= Video compression picture types =

Class of video frames processed in a distinct way by a compression algorithm

In the field of video compression, a video frame is compressed using different algorithms with different advantages and disadvantages, centered mainly around amount of data compression. These different algorithms for video frames are called picture types or frame types. The three major picture types used in the different video algorithms are I, P and B. They are different in the following characteristics:
- I‑frames are the least compressible but don't require other video frames to decode.
- P‑frames can use data from previous frames to decompress and are more compressible than I‑frames.
- B‑frames can use both previous and forward frames for data reference to get the highest amount of data compression.

== Summary ==

A sequence of video frames, consisting of two keyframes (I), one forward-predicted frame (P) and one bi-directionally predicted frame (B).
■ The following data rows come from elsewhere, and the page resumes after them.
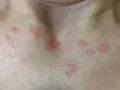 Primer plano de la piel del cuello y el pecho con varias ronchas rojas, algunas agrupadas y otras dispersas.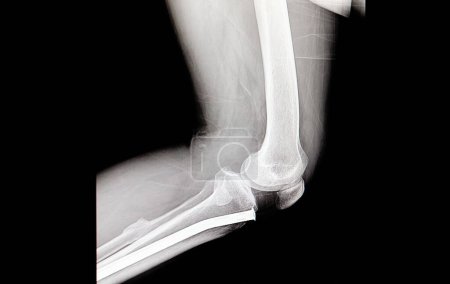 Foto de Clavo ortopédico en la radiografía de tibia en el fondo, de cerca - Imagen libre de derechos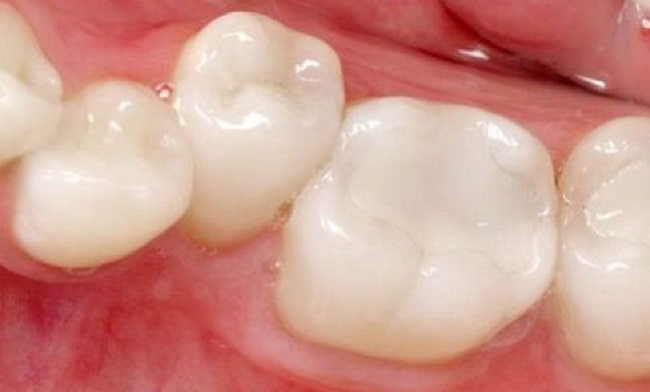 Vật liệu hàn răng GIC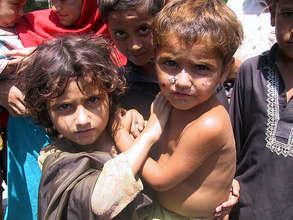 Flood Relief 2010- child with skin disease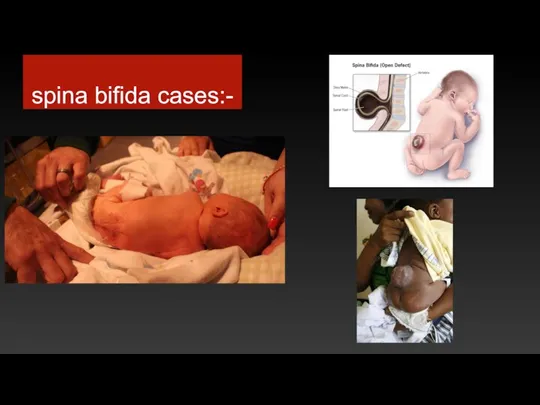 spina bifida cases:-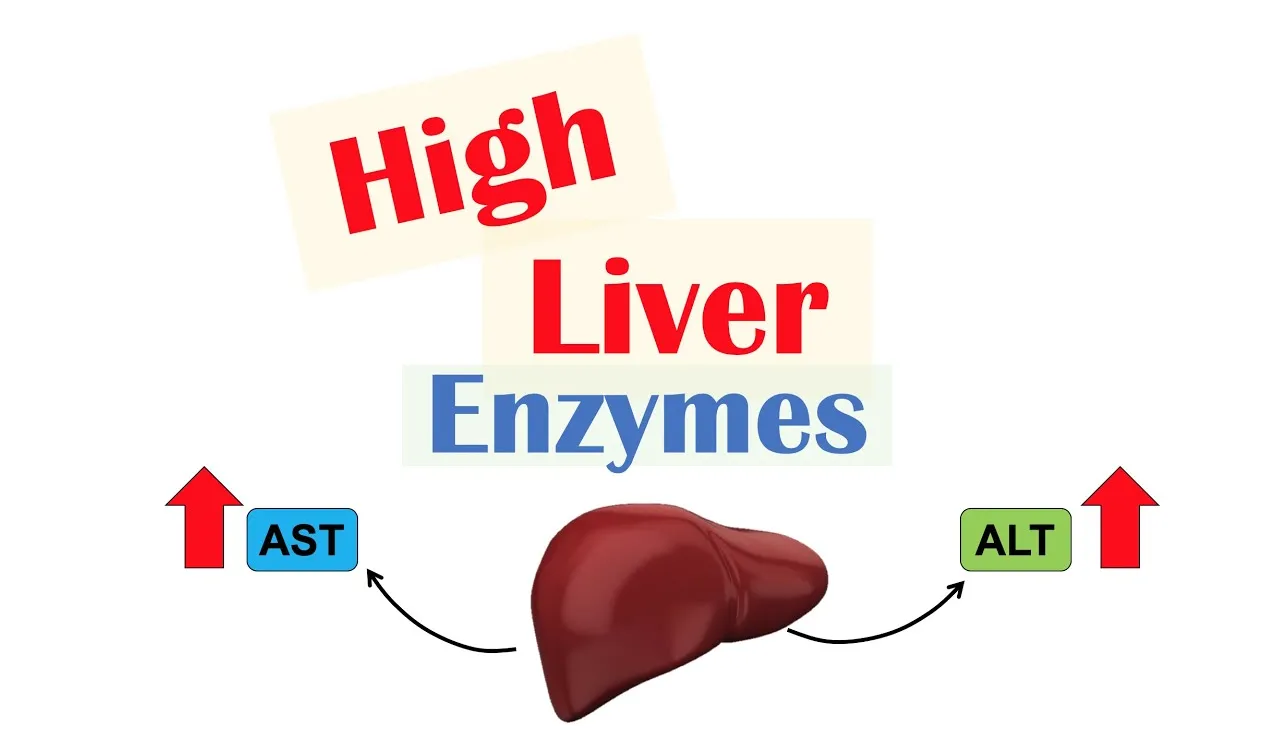 A medical illustration showing a human liver with upward red arrows pointing to increased AST and ALT labels, signifying high liver enzyme levels.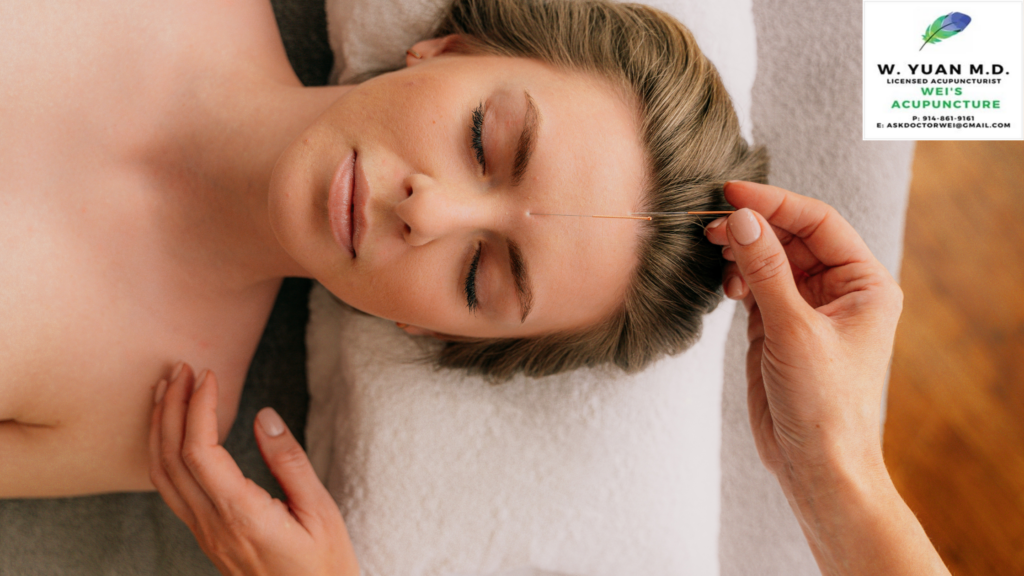 acupuncture for migraines in Grand Central Terminal NY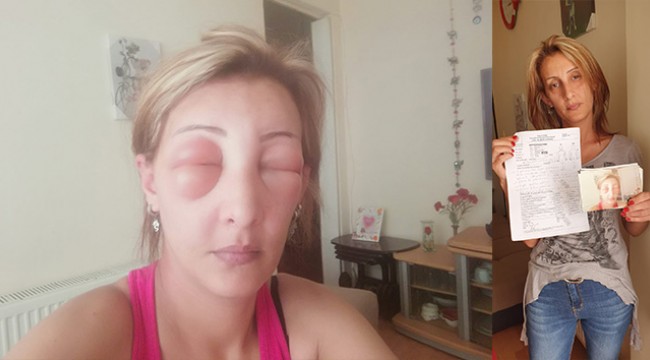 Saçlarını yaptırmak için kuaföre gitti, canından oluyordu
Three types of pictures (or frames) are used in video compression: I, P, and B frames.

An I‑frame (intra-coded picture) is a self-contained image, like a JPG or BMP image file.
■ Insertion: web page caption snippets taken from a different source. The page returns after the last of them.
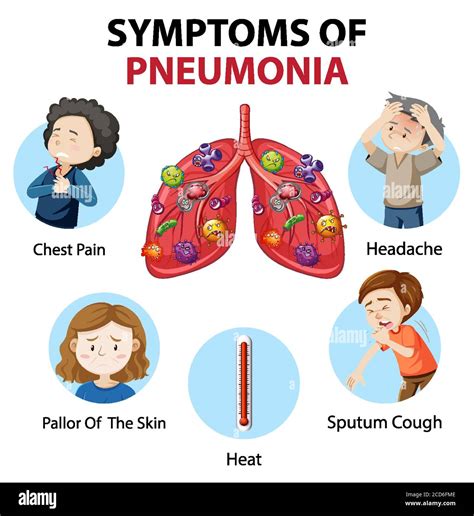 Symptoms of pneumonia cartoon style infographic illustration Stock ...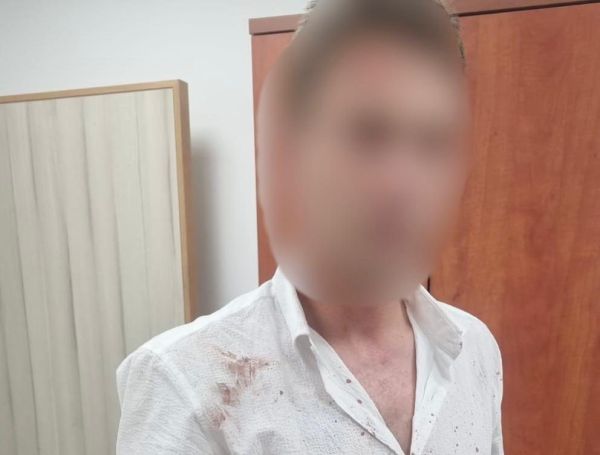 חשד: ערבי תקף את זוגתו לשעבר וגרם לה לחבלות בראש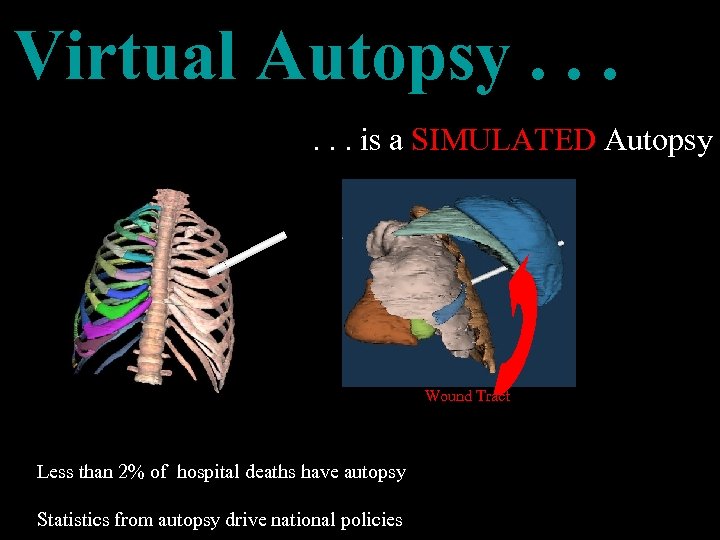 Virtual Autopsy. . . is a SIMULATED Autopsy Wound Tract Less than 2% of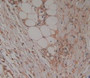 DAB staining on IHC-P; Samples:Human Skin Cancer Tissue.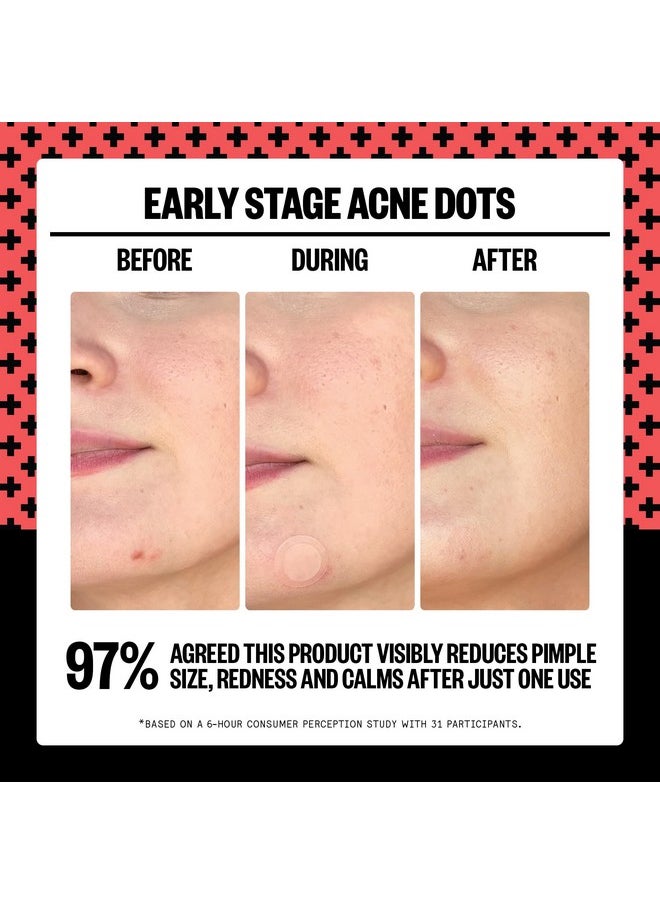 PEACE OUT - Early Stage Acne Dots Acnefighting Pimple Patches Salicylic Acid Unclogs Pores And Targets Acne Blemishes (8 Acne Dots) - Image 1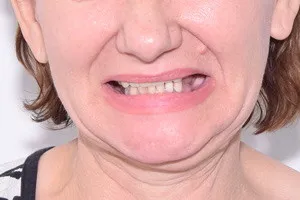 All-on-4 с двумя имплантами Zygoma для восстановления зубов на верхней челюсти, фото до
A P‑frame (predicted picture) allows each macroblock to be predicted from a region of any previously decoded frame that is in the decoded frame buffer. The encoder does not need to resend regions that have not changed at all relative to a previously decoded frame, thus saving space.
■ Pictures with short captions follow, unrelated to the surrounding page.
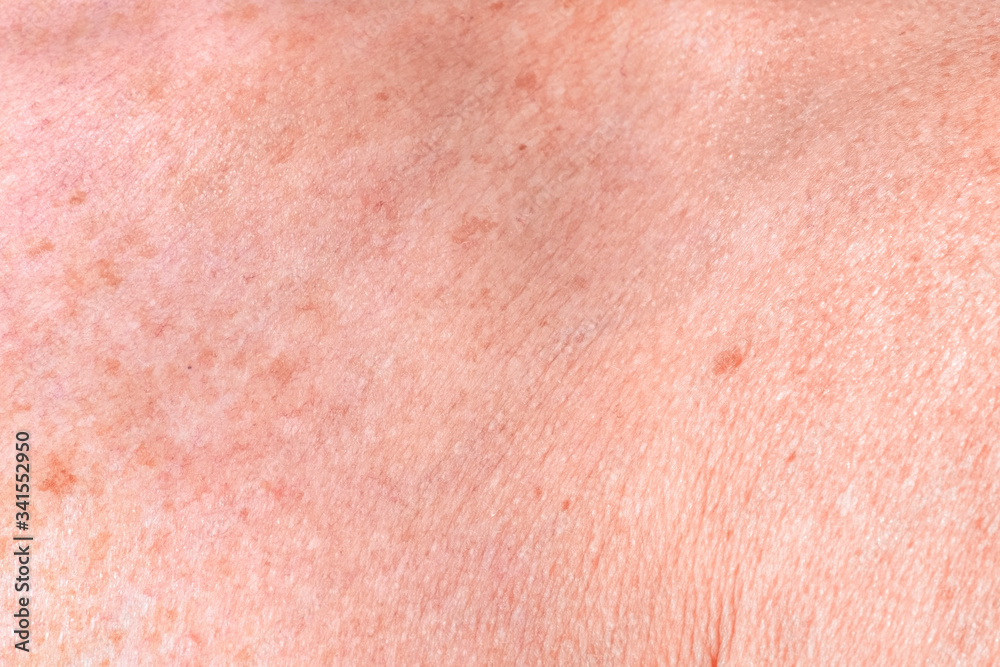 Aging female skin with melasma spots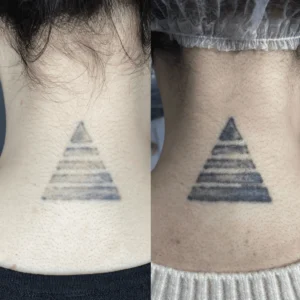 what is tattoo removal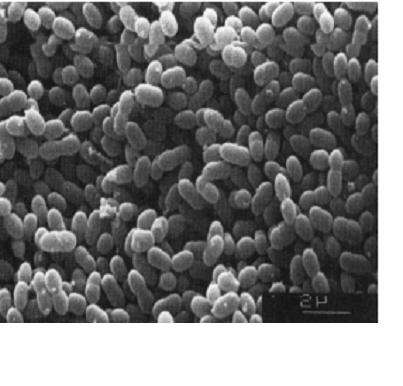 Lactococcus lactis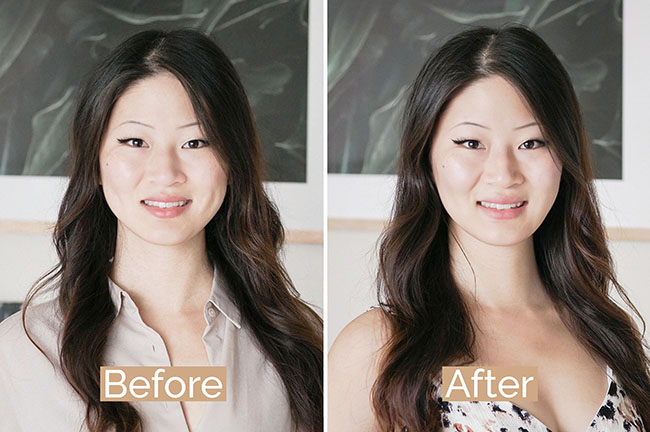 How Much Is Botox For Tmj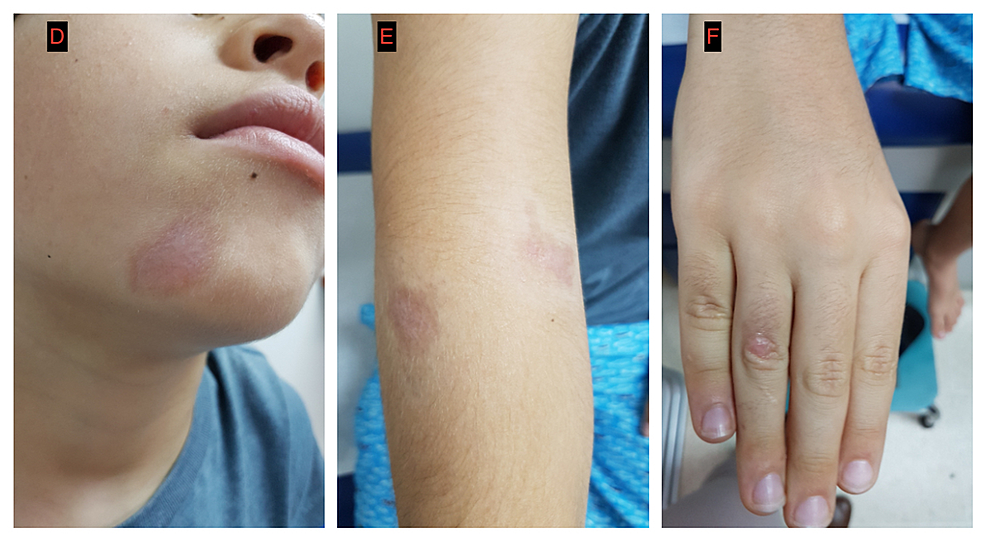 D-F.-Improvement-of-cutaneous-lesions-after-treatment-with-pentavalent-antimonial-(Glucantime-©).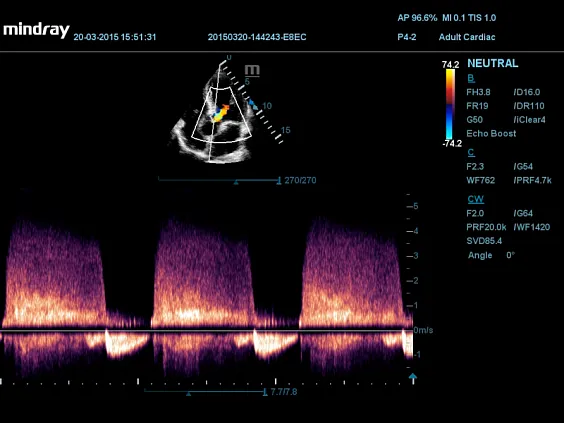 Клинические изображения УЗИ аппарат Mindray DC-55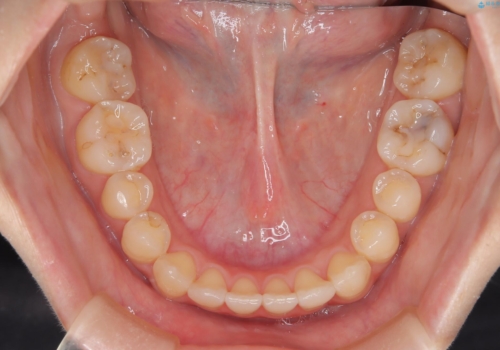 前歯のガタつき、下顎の前突感を治したい　インビザライン矯正例の治療後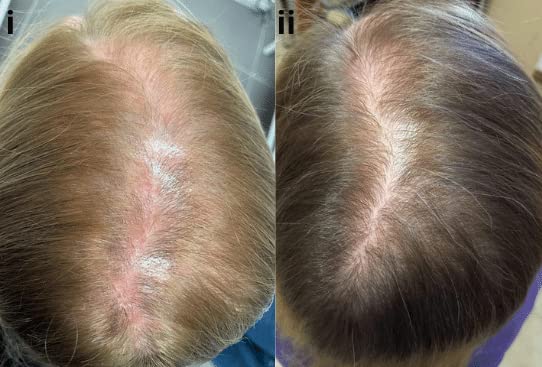 Miniatura 6 de Dr.UGro Gashee Suplemento para el crecimiento del cabello para hombres y mujeres vitaminas para el cabello más grueso y fuerte. Promueve el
A B‑frame (bidirectional predicted picture) saves even more space by generating more precise macroblock predictions. They do so by allowing each macroblock to be predicted by combining regions from each of two previously decoded frame that are in the decoded frame buffer, typically one frame that precedes it in display order and one that follows it.

P and B frames are also called inter frames. The order in which the I, P and B frames are arranged is called the group of pictures.

== Pictures/frames ==
While the terms frame and picture are often used interchangeably, picture is a more general notion, as a picture can be either a frame or a field. A frame is a complete image, and a field is the set of odd-numbered or even-numbered scan lines composing a partial image. For example, an HD 1080 picture has 1080 lines (rows) of pixels. An odd field consists of pixel information for lines 1, 3, 5, ..., 1079. An even field has pixel information for lines 2, 4, 6, ..., 1080. When video is sent in interlaced-scan format, fields are sent in sequence, alternating between odd-line fields and even-line fields, with each carrying half as much information as a frame would but separated in time like sequential frames (that is, a given odd-line field represents a time between that of the preceding even-line field and the following even-line field).

A frame used as a reference for predicting other frames is called a reference frame.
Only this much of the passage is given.